To do: Pictures are to be left out, and only the lines below starting at the one with "Blondes Mädchen mit" and ending at the one with "Person holding an" are to be reproduced, each exactly, both ends included.

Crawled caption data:

▼

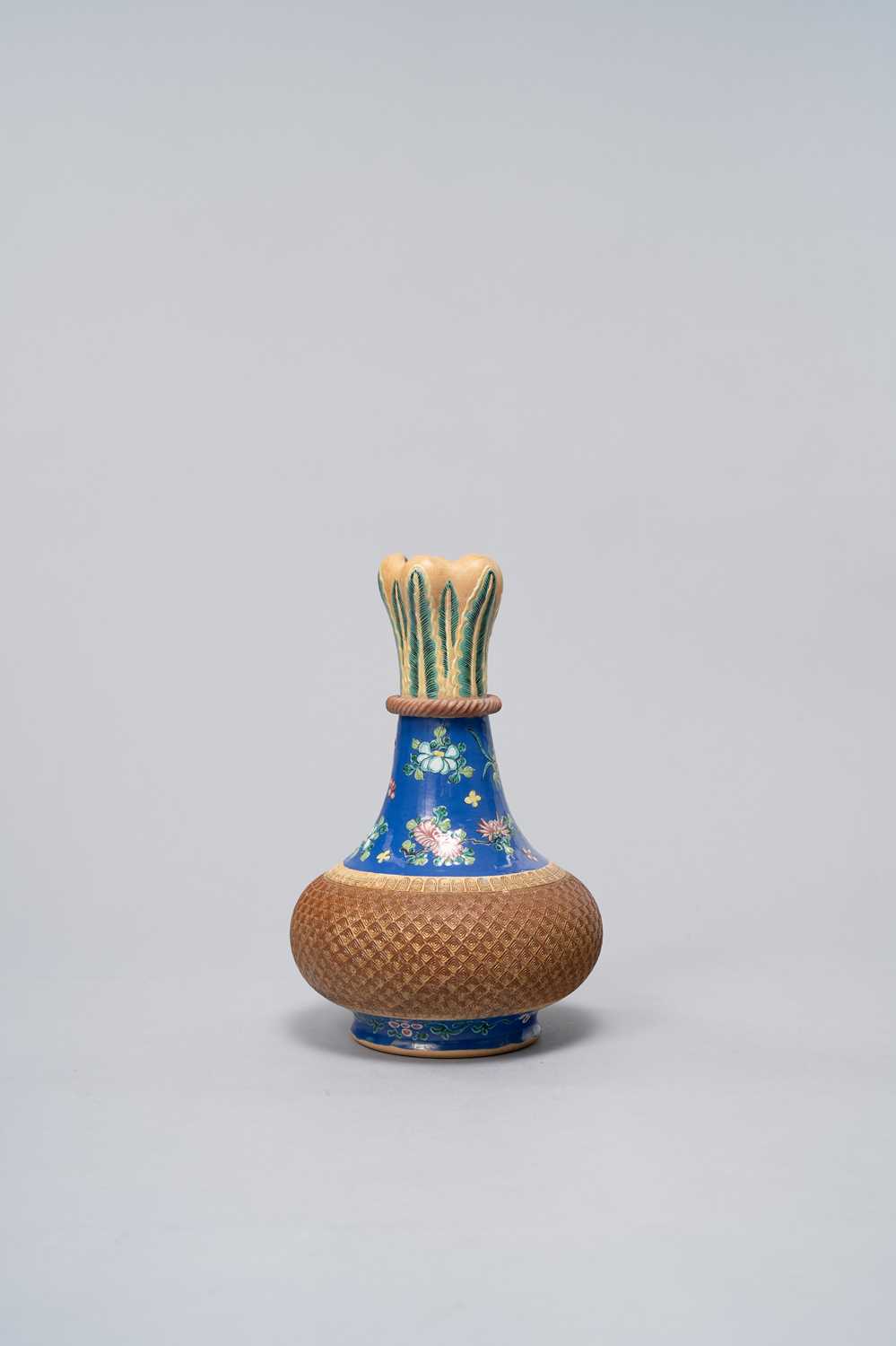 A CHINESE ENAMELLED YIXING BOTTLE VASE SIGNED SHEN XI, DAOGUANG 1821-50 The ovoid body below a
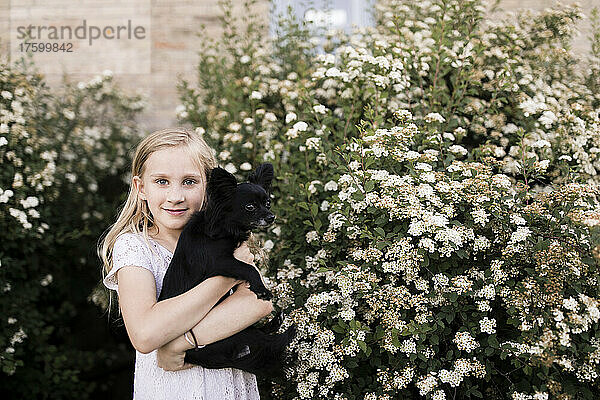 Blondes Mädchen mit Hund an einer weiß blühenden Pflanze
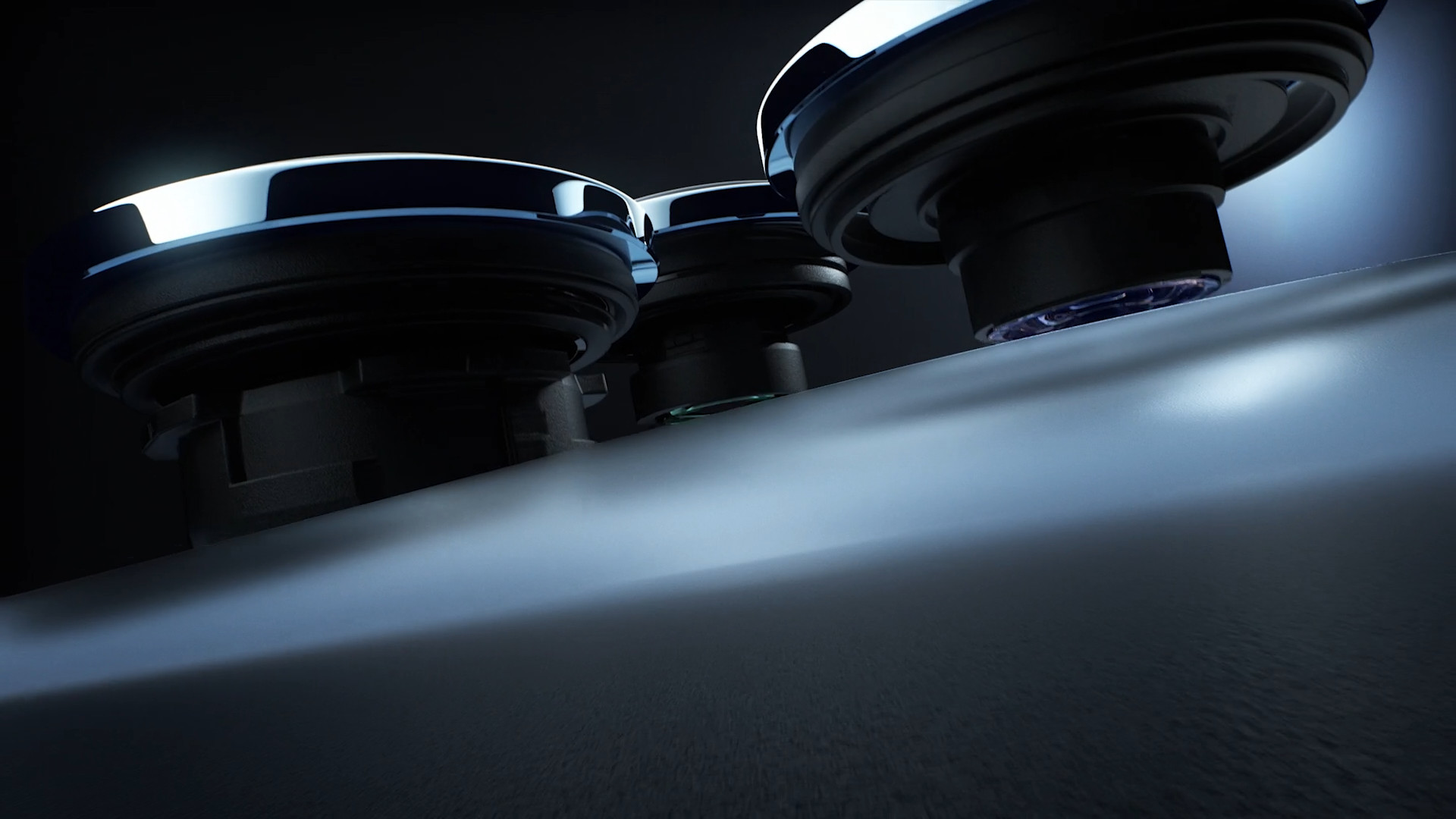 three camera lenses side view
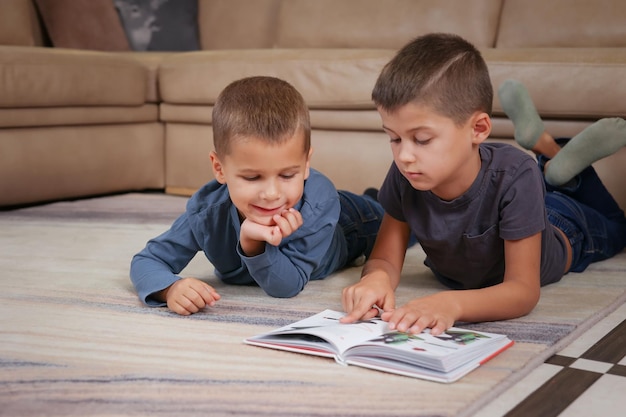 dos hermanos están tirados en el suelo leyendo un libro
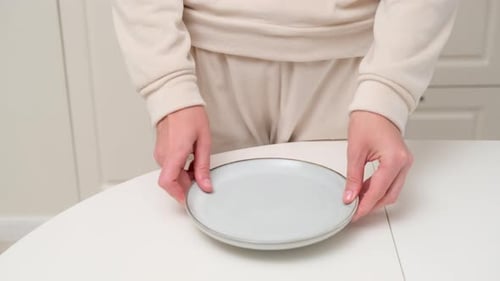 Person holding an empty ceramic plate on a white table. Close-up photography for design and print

▲
▼

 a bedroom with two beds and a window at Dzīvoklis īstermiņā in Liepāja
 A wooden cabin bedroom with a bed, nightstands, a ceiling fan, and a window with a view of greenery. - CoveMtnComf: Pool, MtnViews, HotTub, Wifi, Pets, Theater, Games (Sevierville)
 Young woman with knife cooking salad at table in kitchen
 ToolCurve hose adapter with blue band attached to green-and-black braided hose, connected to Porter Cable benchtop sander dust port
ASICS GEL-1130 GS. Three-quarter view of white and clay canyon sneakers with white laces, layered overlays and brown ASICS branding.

▲

Your solution:
 Blondes Mädchen mit Hund an einer weiß blühenden Pflanze
 three camera lenses side view
 dos hermanos están tirados en el suelo leyendo un libro
 Person holding an empty ceramic plate on a white table. Close-up photography for design and print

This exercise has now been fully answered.